There is nothing unusual about this, and Biblical scholars have long realized that when Paul says "the wages of sin is death" he means something more than (but also including, in the end) physical death of the body. As Morris notes in his commentary on Romans , death here is taken to mean "negation of absence of a life that is truly life," one without meaning or purpose or fulfillment. Thus Kuhn's entire edifice of fault is built upon straw to begin with, and he could have saved himself a great deal of work by consulting relevant commentaries rather than Massey.
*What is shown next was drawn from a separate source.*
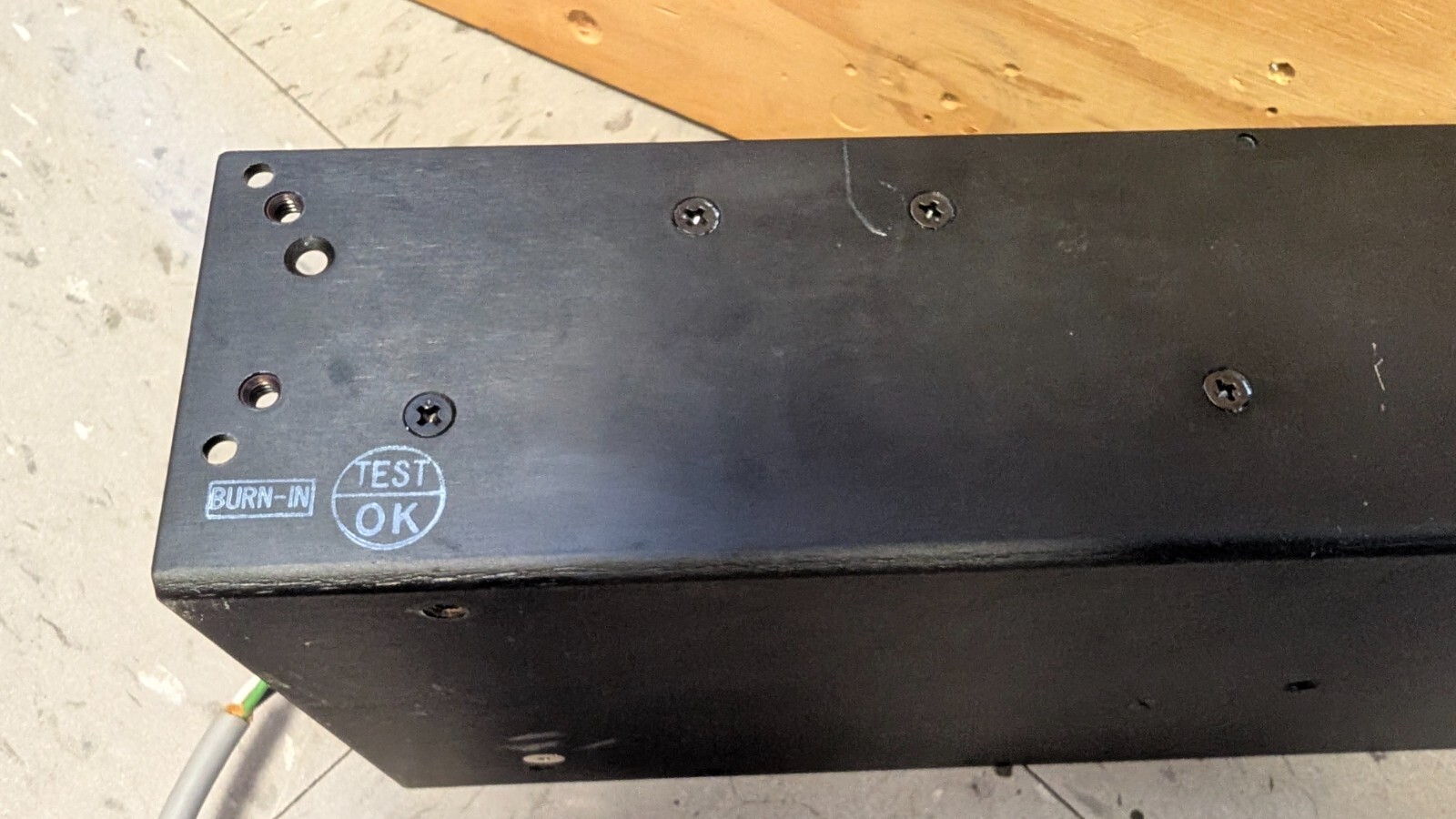 HiTron AC 110-120V to multiple DC outputs converter +5/+12/-12/+90 Open frame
But not having consulted germane scholarship, Kuhn proceeds to import rather into "death" a meaning claimed to be derived from "Greek Platonic, Pythagorean, Orphic and Neo-Platonic philosophies, and...the more ancient wisdom-knowledge of the Egyptians." We may let stand as clear the fallacy of supposing word-meaning to stay so consistent across ages and cultures, and while we are assured that "many students" have known of this (who they are is not named), it takes some time again to get to the point of actually trying to prove that this new meaning holds water.
It is quite true that certain trains of thought regarded the body as a prison. However, it is also quite true that in the Judeo-Christian tradition, this is not the case at all. Jewish thought regarded the body as a necessary component of a full person (what was called Semitic Totality), not as a prison or a tomb. Weak, yes. But not undesirable or imprisoning; just in need of the improvement that bodily resurrection would provide.
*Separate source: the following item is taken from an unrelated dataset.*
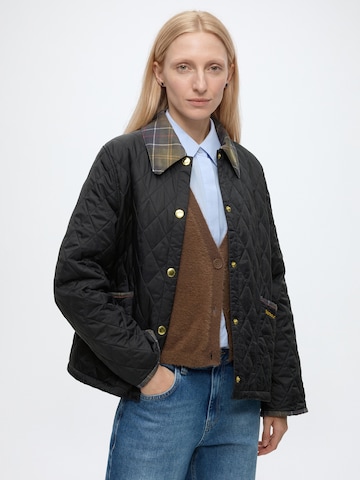 Veste mi-saison 'Lidd' Barbour en noir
In service of his thesis, Kuhn reinterprets Christ's "death on the cross" as a metaphor for the Christ-spirit become incarnate; this would surely have been news to non-Christian historians who recorded the crucifixion as an actual event, but presumably Kuhn elsewhere has an answer ready for Josephus, Lucian and Tacitus.
Kuhn displays remarkable lack of understanding of the nature of the atonement (see here), supposing that it is absurd to think that two pints of blood can atone for the human race; one may as well say that one ounce of gold could never buy a Rolls Royce. But Kuhn never actually gets beyond midrashic exposition of his new doctrine and never gets to proving that the NT actually teaches this. What little is said of the NT is distorted, thus:
The doctrine has been lost because it appertains to the involutionary arc of the cycle of manifestation, which has been wholly dropped out of consideration through the purblindness that laid all stress upon the evolutionary arc. As St. Paul asks, how can it be that souls have ascended unless they had first descended into the bowels of the earth? If there is to be a resurrection from the "dead," the entity to be resurrected must first have gone down into a grave or tomb of "death."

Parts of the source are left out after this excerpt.